=== Section Start ===
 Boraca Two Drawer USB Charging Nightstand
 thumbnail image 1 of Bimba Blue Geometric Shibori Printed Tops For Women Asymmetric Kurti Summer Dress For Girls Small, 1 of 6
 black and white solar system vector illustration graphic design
=== Section End ===
=== Section Start ===
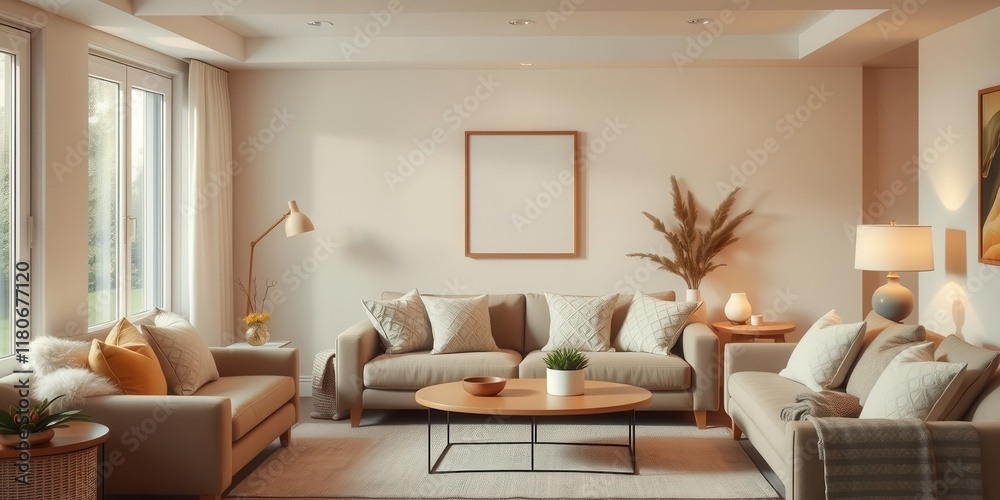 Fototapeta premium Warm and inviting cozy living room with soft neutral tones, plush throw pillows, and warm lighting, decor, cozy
=== Section End ===
DESCRIPTION OF THE TASK: In the material above, transcribe exactly the lines beginning at the one with "Boraca Two Drawer USB Charging Nightstand" and ending at the one with "black and white", both included.

YOUR SOLUTION:
 Boraca Two Drawer USB Charging Nightstand
 thumbnail image 1 of Bimba Blue Geometric Shibori Printed Tops For Women Asymmetric Kurti Summer Dress For Girls Small, 1 of 6
 black and white solar system vector illustration graphic design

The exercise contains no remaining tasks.